Task instructions:
Would you transcribe the records below from the line with "Party TOY STORY" to the line with "薄荷黄蚬肉-止观小馆·辽河口渔家菜(王府井店)", ends included, exactly and with nothing more, leaving the pictures out?

--- Recorded data ---

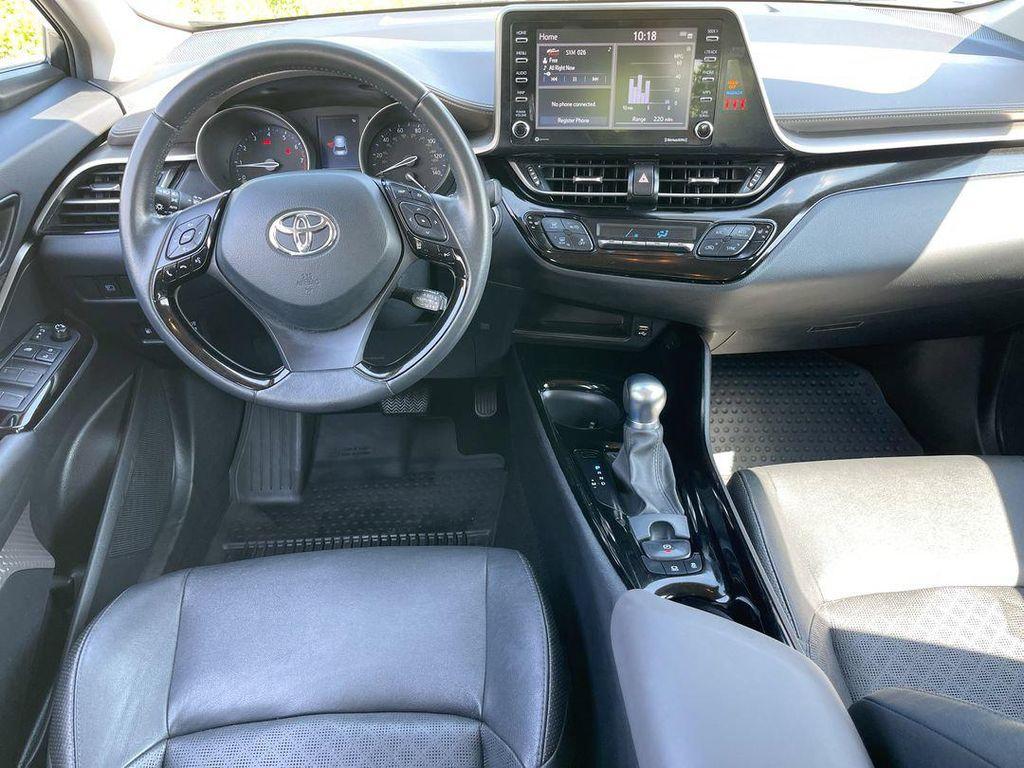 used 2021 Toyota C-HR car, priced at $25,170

---
--- Recorded data ---

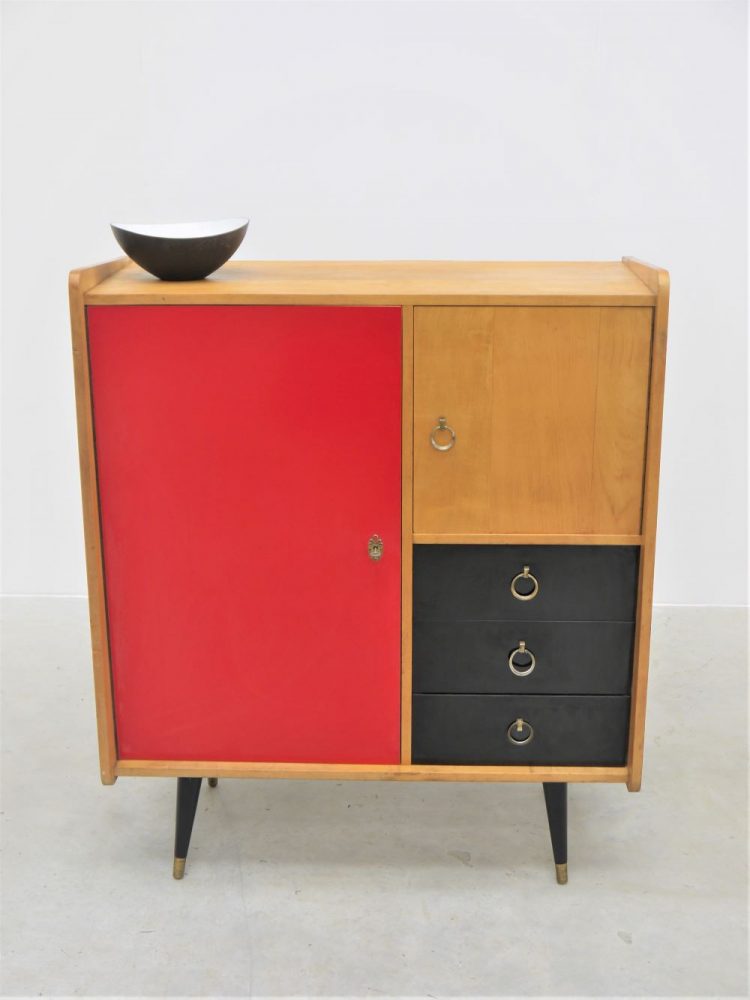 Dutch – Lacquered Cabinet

---
--- Recorded data ---

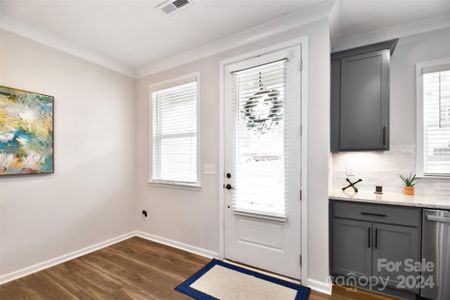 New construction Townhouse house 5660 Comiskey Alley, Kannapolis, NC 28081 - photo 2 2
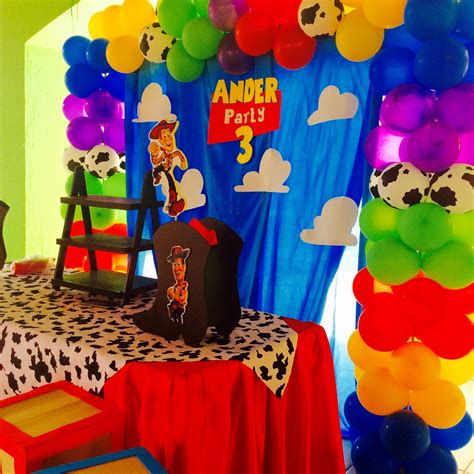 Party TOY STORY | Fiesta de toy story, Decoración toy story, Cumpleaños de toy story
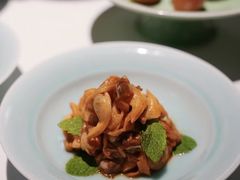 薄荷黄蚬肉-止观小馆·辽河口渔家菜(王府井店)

---

Task response:
 Party TOY STORY | Fiesta de toy story, Decoración toy story, Cumpleaños de toy story
 薄荷黄蚬肉-止观小馆·辽河口渔家菜(王府井店)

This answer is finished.